The IOP, located at 5707 South Woodlawn Avenue, aims to expand students’ knowledge of politics and allow students to gain hands-on experience in the field.
“I think our goal at the IOP is for students here at the University to become that much more engaged in the world around them,” said IOP Executive Director Darren Reisberg. “What we’d hope to see is students, after spending their four years as an undergraduate here, or their time as a graduate student, at least exploring careers in politics and public service at some point after they leave.”
Last January, Axelrod told the Maroon that he wanted to create the Institute at UChicago in part because of the lack of political dialogue that existed when he was a student at the University. Axelrod has stressed that the IOP is nonpartisan and envisions it as an “ROTC for public service.”

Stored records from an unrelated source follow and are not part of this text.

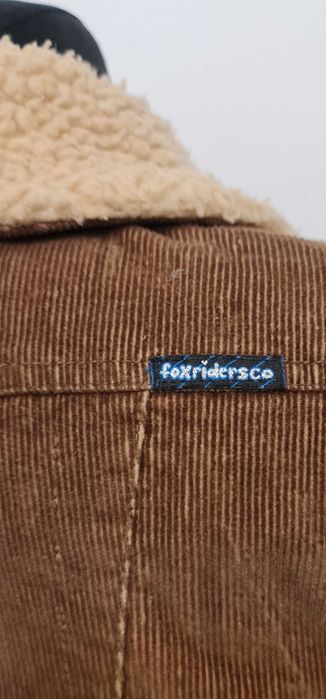 3103 Ciepła Sztruksowa Kurtka Pilotka Fox Racing rozmiar S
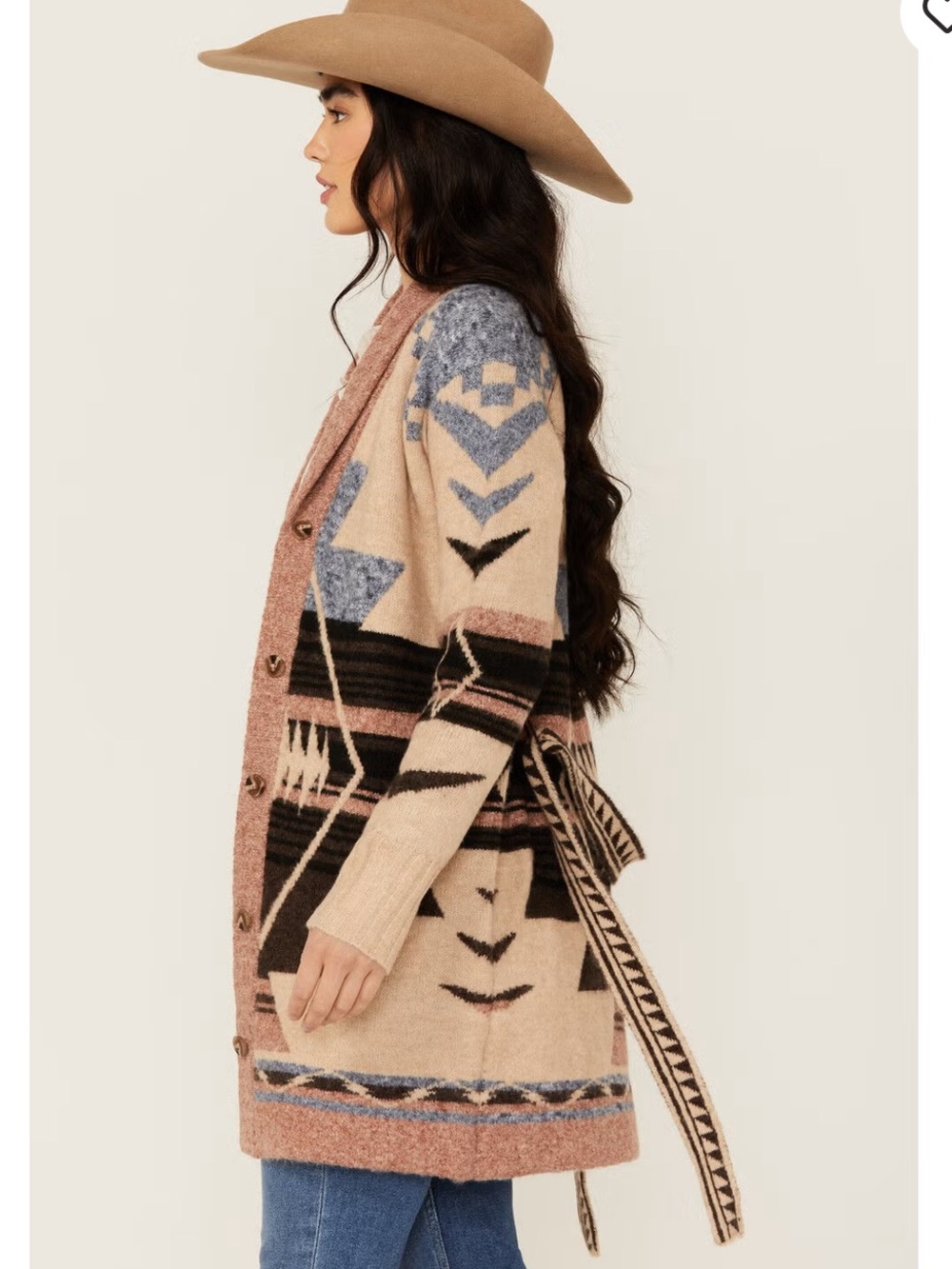 Idyllwind Women's Kimbark Southwestern Print Cardigan XL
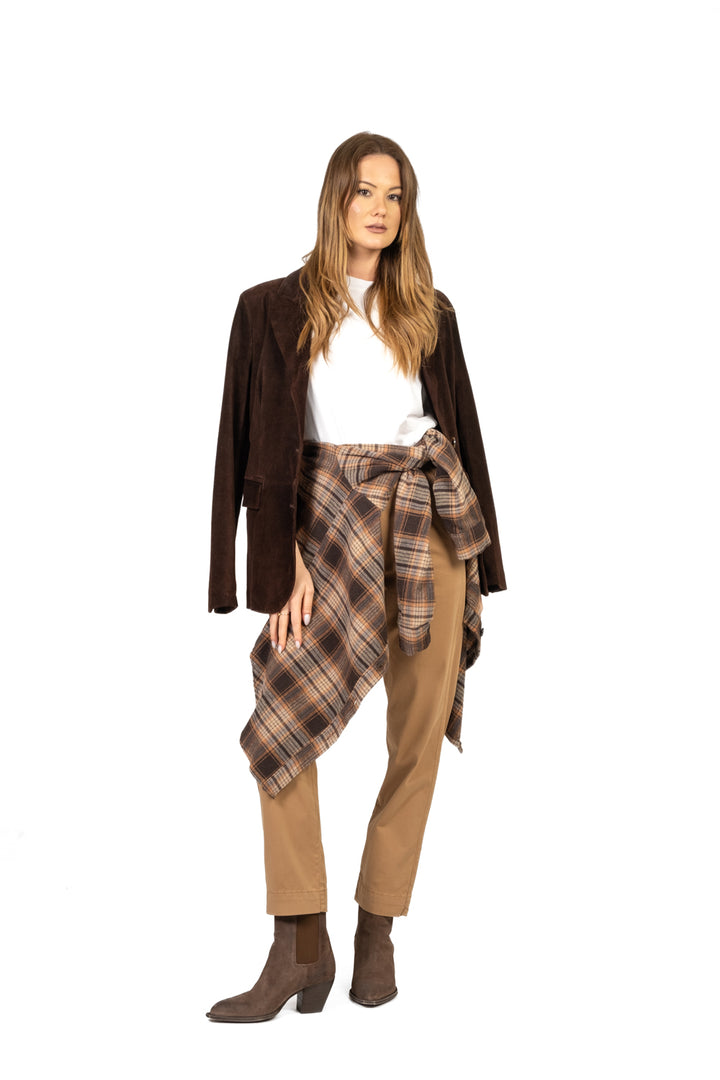 MM MaxMara - Pantalone boy TUNISI Art. 2526136018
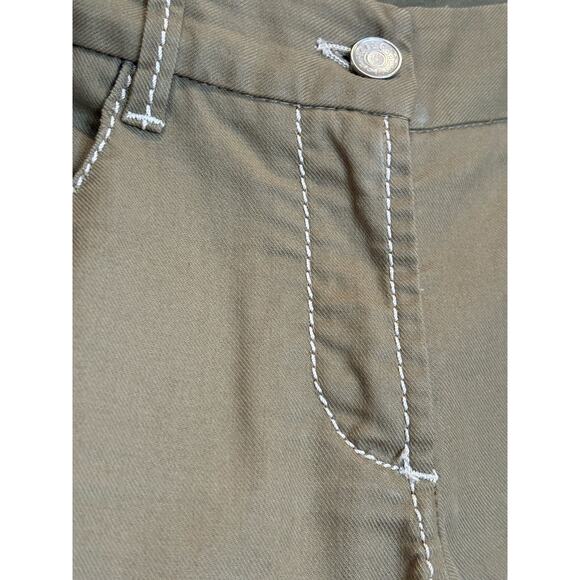 Women's Dolce & Gabbana Khaki Cotton Pants, Size 40, EUC - Picture 5 of 5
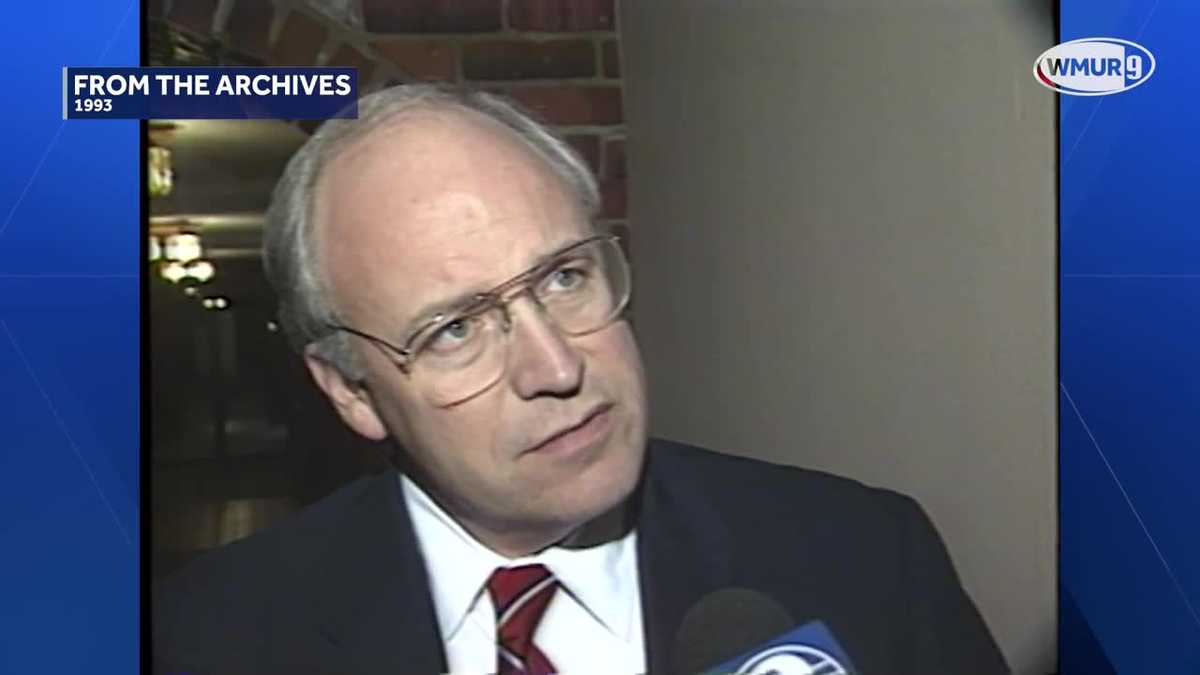 From the archives: 1993 report on Dick Cheney's visit to New Hampshire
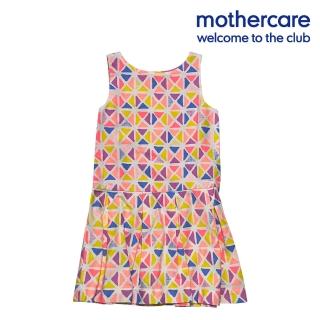【mothercare】專櫃童裝 亮色色塊無袖洋裝(3-8歲)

The IOP has pursued this goal through three main programs: a speaker series, a fellows program, and internships. Its speaker series brings prominent politicians and influential figures to campus for a day or two, to give a talk on and sometimes meet with students about a particular issue. Past speakers have ranged from author Elie Wiesel to former House Speaker Newt Gingrich.

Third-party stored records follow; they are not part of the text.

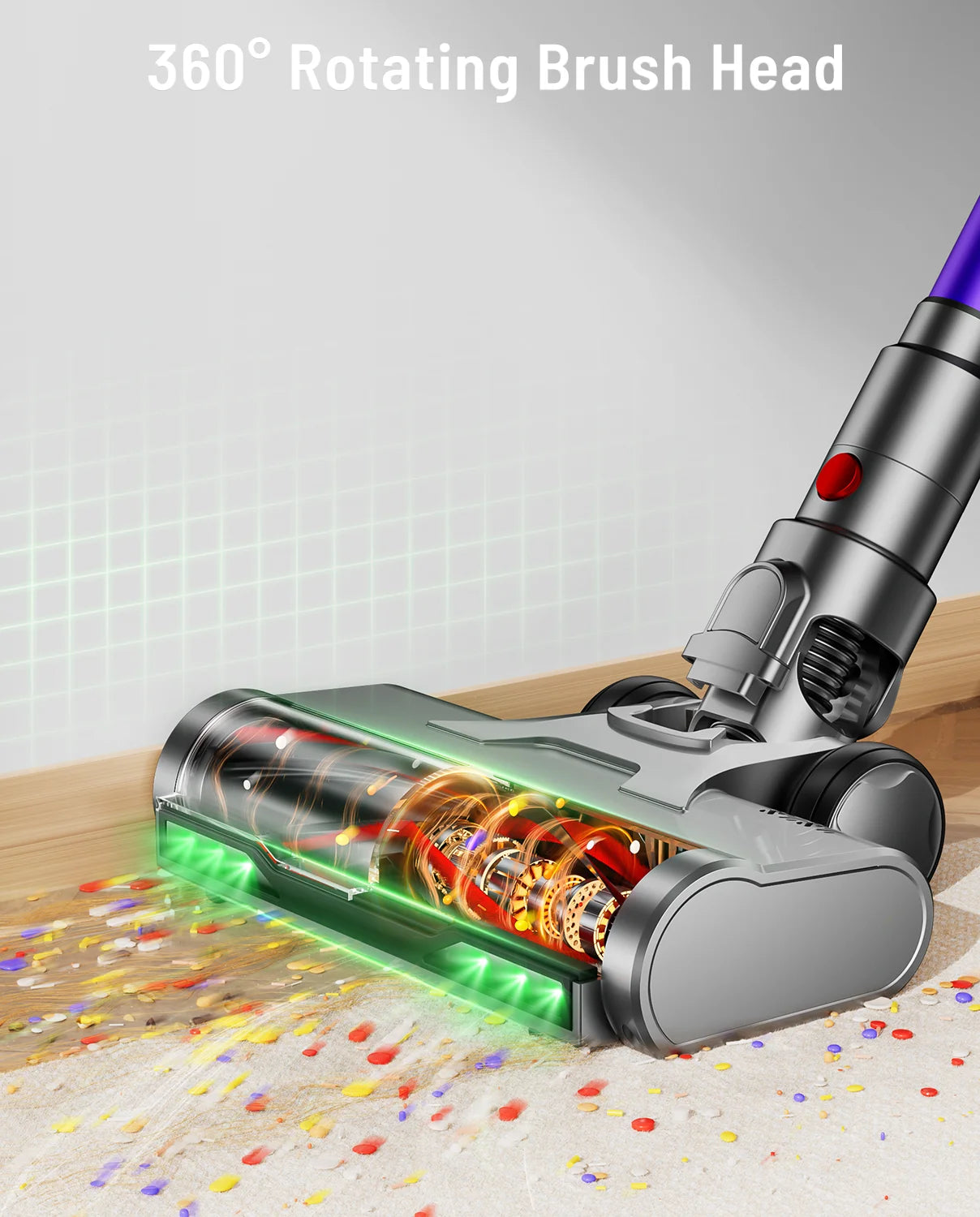 VAKERR X15 Pro 750W Cordless Vacuum Cleaner 75KPA Strong Suction for Pet Hair and Carpet 80Mins Runtime Household Cleaning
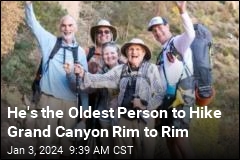 He&#39;s the Oldest Person to Hike Grand Canyon Rim to Rim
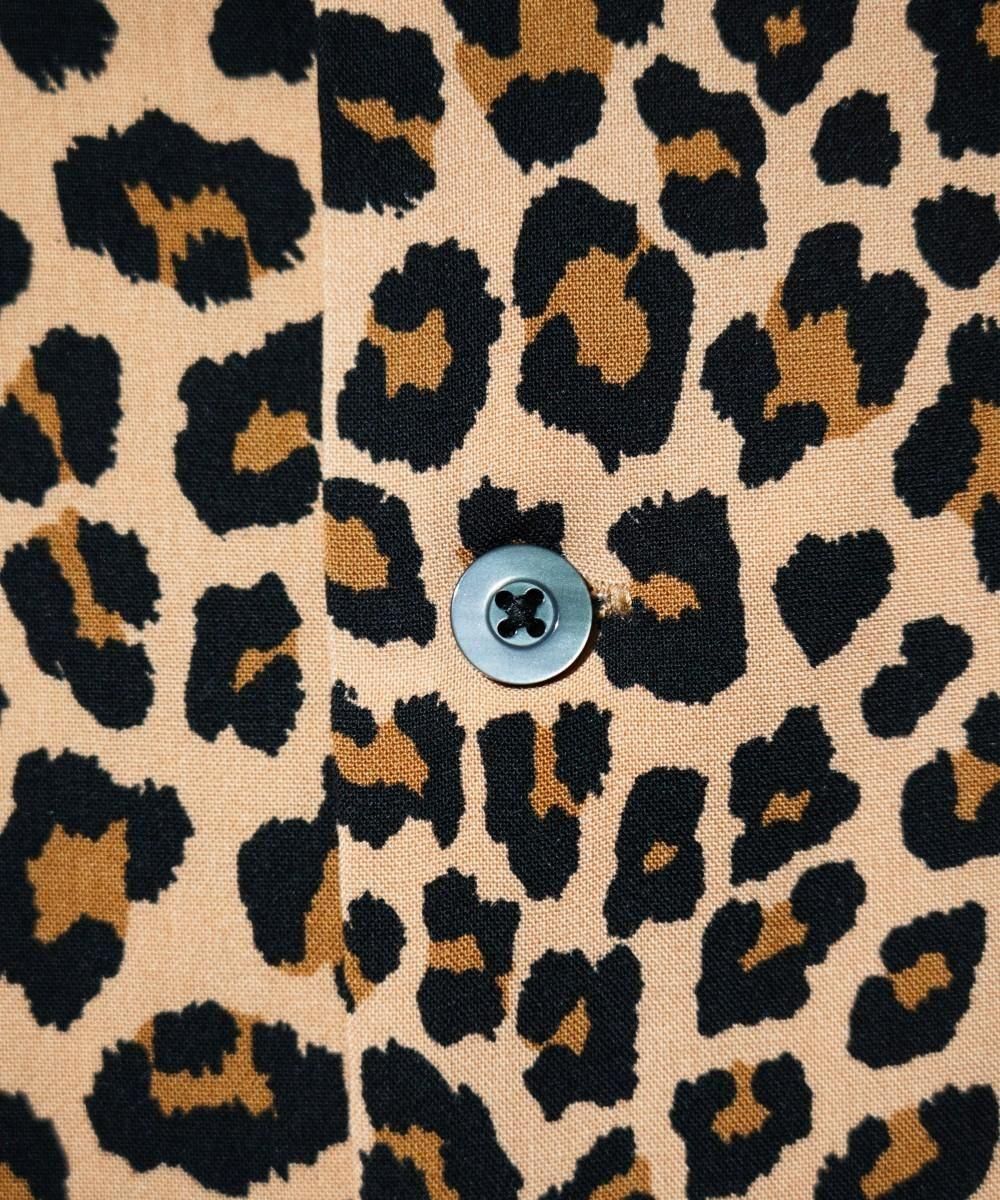 60S BOWLING SHIRT - LEOPARD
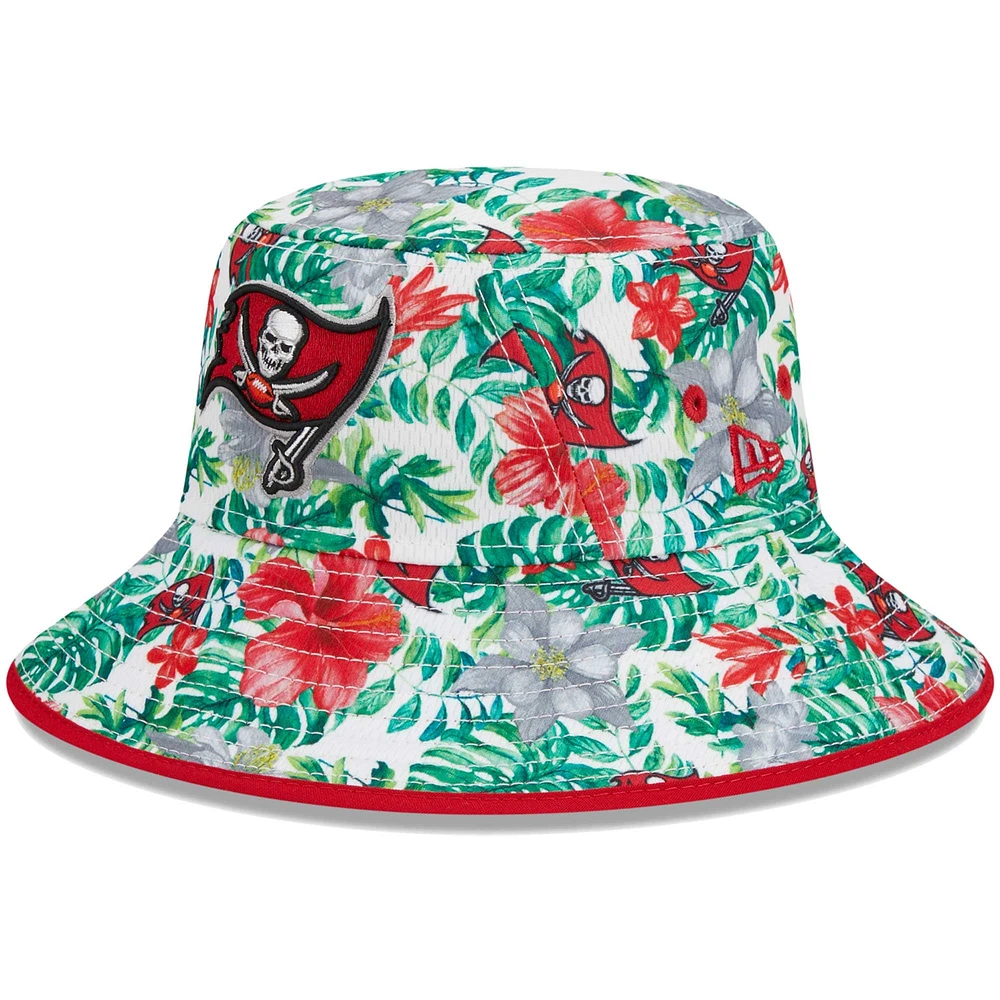 Bob New Era Tampa Bay Buccaneers Botanical pour homme, blanc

The fellows program recruits a wide range of people involved in public service, journalism, and relevant fields to campus for an entire quarter. Fellows host weekly seminars on a particular issue, open to all students, for 10 weeks. Last year, fellows included former Mississippi Governor Haley Barbour, Jon Favreau, President Obama’s former chief speechwriter, and former Senator and presidential candidate Gary Hart.
The Institute’s internship program gives students the opportunity to get involved in politics right away. In its first year, the IOP sponsored internships at the White House, the Southern Poverty Law Center, CNN, and the Republican Governor’s Association, among others.

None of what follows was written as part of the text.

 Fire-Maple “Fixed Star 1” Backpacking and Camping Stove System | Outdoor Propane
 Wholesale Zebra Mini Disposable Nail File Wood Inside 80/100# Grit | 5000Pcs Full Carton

The IOP is not above reproach, however. Some claim that the programming to date has been much too focused on electoral politics rather than policy. Others feel that the Institute has become inaccessible, with certain students having much more access to the visitors than others. There have also been complaints that the IOP simply hosts too many events.
The Institute may be addressing one of those criticisms, according to Reisberg. He said that with no major elections coming up soon, the IOP hopes to focus more on policy to start this year. The IOP will host events this quarter centered around the implementation of the Affordable Care Act and a “Democracy Week” to look at overarching issues affecting democracy, such as voter rights, redistricting, and potentially judicial independence. But Reisberg said that the Institute doesn’t plan on abandoning electoral politics entirely, with programming planned this year for the 2014 Illinois gubernatorial election and federal midterm elections.
Reisberg advised that incoming students start out by just attending IOP events and seeing what the Institute provides. For those who want to get inside right away, the IOP has both a Fellows Ambassador and Events Ambassador program. Fellows Ambassadors serve as assistants for the fellows who are on campus for the entire quarter, while Events Ambassadors help out with the big-ticket speaker series events. Those more ambitious can apply at the end of this school year for the student advisory council, which Reisberg says “is in effect the student government of the Institute of Politics.”
The IOP also sponsors the Political Union debate club and a magazine called The Gate. The Union provides a forum for students to engage in political debate, with each debate being focused on one broad question. The debate is not between Democrats and Republicans, but rather between groups centered on different ideologies—Progressives form a different group than the Democratic Left, for instance. The Gate, launching this year, will run political commentary and analysis by students.
Those looking to get a taste of the IOP will not have to wait long; the IOP’s “capstone” event of Orientation Week will feature Senator Elizabeth Warren (D-MA) on Friday, and Senator John McCain (R-AZ) is tentatively scheduled to speak at the end of October.